As the day wore on, and the wait to learn the names of the dead and injured became barely tolerable, I allowed myself to think of who must have been at services that morning. Cecil, of course. Cecil, six years older than me, developmentally disabled, larger than life, was an integral part of my mental image of Tree of Life. He was there when I was a kid and he was there now. Cecil arranging tallitot in the foyer, walking up and down the aisles, lumbering across the rows of seats in the sanctuary, to greet someone, or hand someone a book. Cecil, waiting for his bus in front of the shul, bellowing a “hello” to me as I walked by with my dogs, who he would also greet and tentatively pet, before telling me that he was afraid of them. Cecil and his brother, David, were indeed killed, murdered in what was to them a home, in what was a place where they were important and appreciated, where they knew everyone and where their absence would be noticed. Cecil and David, murdered because they were in the wrong place at the wrong time, at a synagogue on Shabbat, though it was the rightest place they had ever known. I pray that they had no time to be afraid or confused, or to understand the hate, in the place that had always provided them assurance and love.

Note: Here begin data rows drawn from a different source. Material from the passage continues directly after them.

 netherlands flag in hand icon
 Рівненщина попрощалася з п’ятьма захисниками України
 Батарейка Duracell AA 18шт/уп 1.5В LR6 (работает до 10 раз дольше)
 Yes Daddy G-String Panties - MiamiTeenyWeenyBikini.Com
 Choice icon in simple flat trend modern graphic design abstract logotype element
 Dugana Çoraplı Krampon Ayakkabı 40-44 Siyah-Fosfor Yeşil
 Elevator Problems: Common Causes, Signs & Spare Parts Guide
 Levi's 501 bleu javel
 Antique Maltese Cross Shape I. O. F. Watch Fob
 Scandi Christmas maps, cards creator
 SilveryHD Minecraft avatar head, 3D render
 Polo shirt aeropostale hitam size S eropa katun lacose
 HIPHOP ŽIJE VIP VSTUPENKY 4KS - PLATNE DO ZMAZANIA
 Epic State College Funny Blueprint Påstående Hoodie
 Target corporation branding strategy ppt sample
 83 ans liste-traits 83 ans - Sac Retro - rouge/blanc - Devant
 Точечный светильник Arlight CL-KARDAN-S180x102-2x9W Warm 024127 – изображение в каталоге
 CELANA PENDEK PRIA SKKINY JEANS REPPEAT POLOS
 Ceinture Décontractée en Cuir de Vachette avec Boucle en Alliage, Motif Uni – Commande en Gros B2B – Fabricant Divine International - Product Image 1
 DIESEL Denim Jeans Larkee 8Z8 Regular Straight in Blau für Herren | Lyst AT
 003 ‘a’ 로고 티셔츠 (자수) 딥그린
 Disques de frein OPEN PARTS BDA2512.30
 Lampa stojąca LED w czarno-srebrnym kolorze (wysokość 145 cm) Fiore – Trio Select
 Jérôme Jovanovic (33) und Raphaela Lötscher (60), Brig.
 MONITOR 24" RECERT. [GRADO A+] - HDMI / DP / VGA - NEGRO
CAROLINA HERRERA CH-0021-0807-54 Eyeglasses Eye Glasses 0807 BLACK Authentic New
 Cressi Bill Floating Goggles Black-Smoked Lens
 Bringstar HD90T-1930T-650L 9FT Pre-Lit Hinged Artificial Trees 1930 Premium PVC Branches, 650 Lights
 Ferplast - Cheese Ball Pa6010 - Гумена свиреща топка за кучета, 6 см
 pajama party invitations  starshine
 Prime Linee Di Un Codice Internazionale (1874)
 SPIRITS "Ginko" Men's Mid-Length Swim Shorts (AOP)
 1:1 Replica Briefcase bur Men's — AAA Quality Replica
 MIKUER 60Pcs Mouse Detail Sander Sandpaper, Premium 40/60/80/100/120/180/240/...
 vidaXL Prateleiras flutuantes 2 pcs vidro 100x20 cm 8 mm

To me, what happened to Cecil tragically represents what happened to our community on October 27, 2018. Squirrel Hill is home. It is our little bubble of sights, sounds, tastes, smells, of memories, habits, rituals, comfort. The routes we always take. The stops we always make. The people we always greet. The way it all fits together. Somehow, our lives became the object of murderous rage and hate. We were just doing what we do on a rainy fall Shabbat and were suddenly felled by a lunatic on a mission to destroy what he saw as an evil force.

What happened here is about hate. It is about something new and something old and tenacious. It is about the eleven innocent souls who were murdered as they gathered to worship and express gratitude for living to celebrate another Shabbat of peace. Only they didn’t. It is about the wounded, some critically. It is about the breath-taking bravery of first-responders, whose selflessness fills me with awe and the uncomfortable concern that I might not be as noble.

Let us not allow hate, demonization and desensitization to the humanity in all of us to create distance and barriers between us. Let’s stand as a united community, as a worldwide Squirrel Hill. We are all created in God’s image and, like Cecil, take pleasure and comfort in connection, feeling needed, important and loved, and having a place to be. May God console you among the other mourners of Zion and Jerusalem.

Cheryl Moore, B.A., M.B.A., B.S.N. is a Women’s Health nurse, living in Pittsburgh, PA.